◆ TASK OBJECTIVE ◆
Skip all pictures; return exactly the lines from the one containing "Kenneth Cole Corrine Leather Knee-high Boots" through the end of the data.

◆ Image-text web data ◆
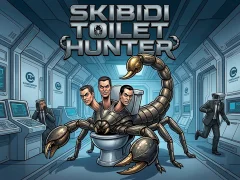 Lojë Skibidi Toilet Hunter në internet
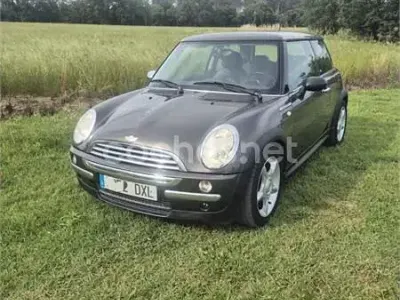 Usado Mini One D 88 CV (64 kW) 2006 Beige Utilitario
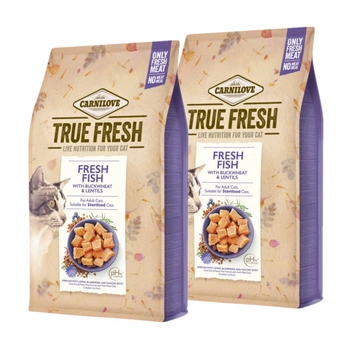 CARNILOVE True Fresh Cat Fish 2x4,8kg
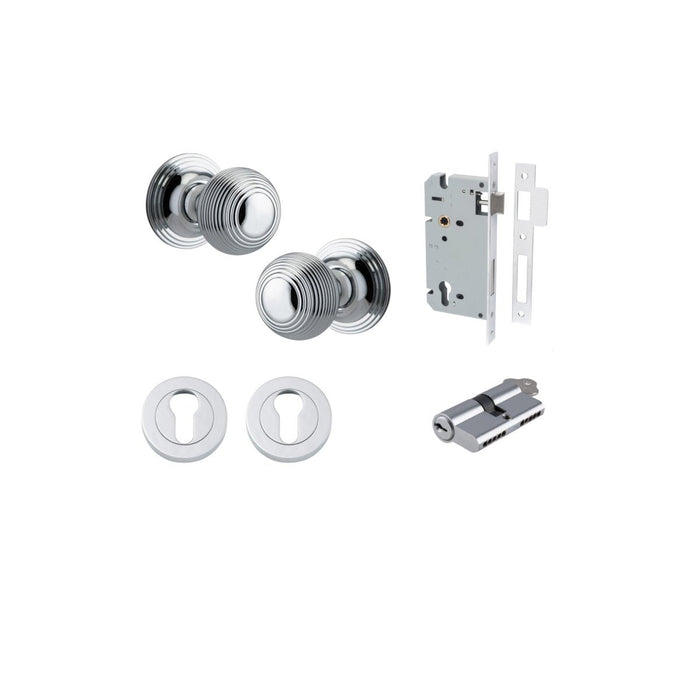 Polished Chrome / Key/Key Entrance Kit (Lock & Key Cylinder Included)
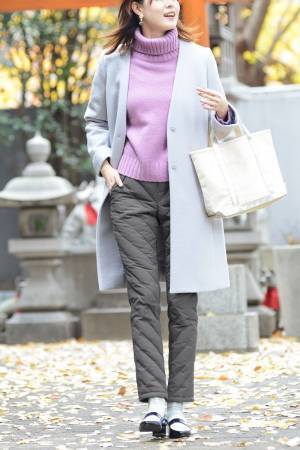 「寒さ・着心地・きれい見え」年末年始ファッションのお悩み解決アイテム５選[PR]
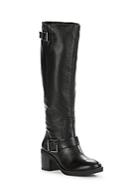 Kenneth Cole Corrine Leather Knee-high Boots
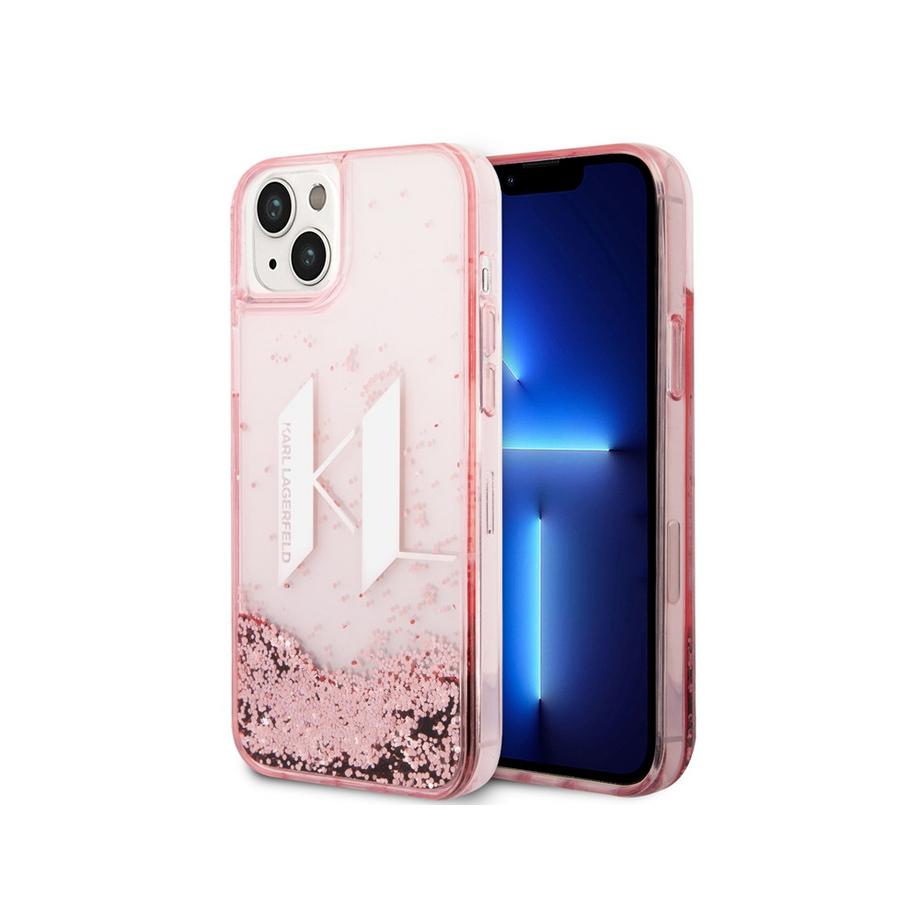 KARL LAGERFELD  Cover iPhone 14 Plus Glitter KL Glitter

◆ ANSWER BELOW ◆
 Kenneth Cole Corrine Leather Knee-high Boots
 KARL LAGERFELD  Cover iPhone 14 Plus Glitter KL Glitter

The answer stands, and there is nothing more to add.